Dark Rum and Wall Street Bail-0uts

San Juan, Puerto Rico

First off, I would like to wish my Little Brother in Wendover a happy birthday and a future life of happiness, equanimity and love....I don't have his telephone number with me. Happy Birthday, David!



I'm drinking more than my fair share of dark rum. I go down to the local liquor store and treat myself to a bottle of dark Bacardi select...I eyeball the Bacardi 151... but that way lies madness...

Flashback to 1964...I have a roommate, Ted, who is a blond good-looking fraternity guy from Palm Beach...He tells me about "pig parties". That is where you compete to find the least attractive possible date and then delight in their embarrassment when they realize that they have all been invited to a party for ugly women. He actually seems a little guilty relating this to me...maybe there was hope for him?
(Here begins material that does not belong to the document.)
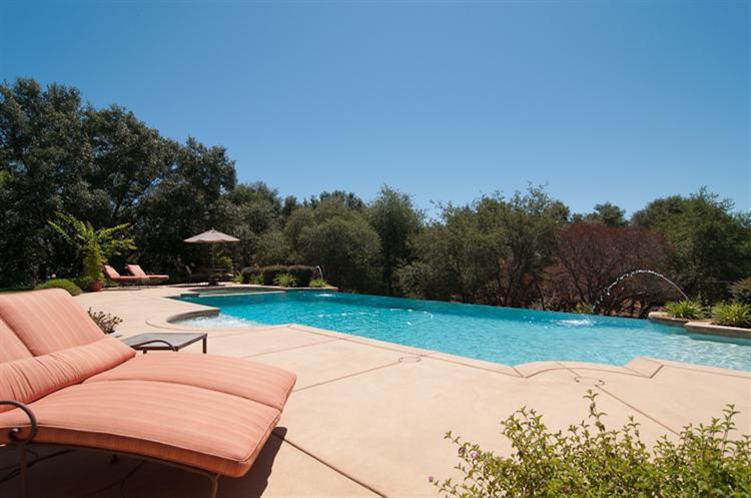 8171  Amber Wood, Loomis, CA 95650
My deviant non-empathetic roommate produces a bottle of Bacardi 151. I end up with a traffic ticket for driving my Harley-Davidson Sportster at 110 MPH in a 30 MPH zone at 2 AM in front of the Tallahassee police station. Only a year earlier Jim Morrison, my former almost roommate, was charged for stealing an umbrella from a police car. The judge gives me a break after seeing my military ID, but he chews me out good...but at least I didn't get caught stealing a stupid umbrella...

Outside the hotel room tonight, they are blasting away with Puerto Rican tunes...one of the songs is about "muchos saxophones"....I sit in an Audit Committee meeting with 12 staff and volunteers...it's embarrassing to be the only non-bilingual person in the room...they all speak English for my benefit...If I come back, I will be fluent in Spanish...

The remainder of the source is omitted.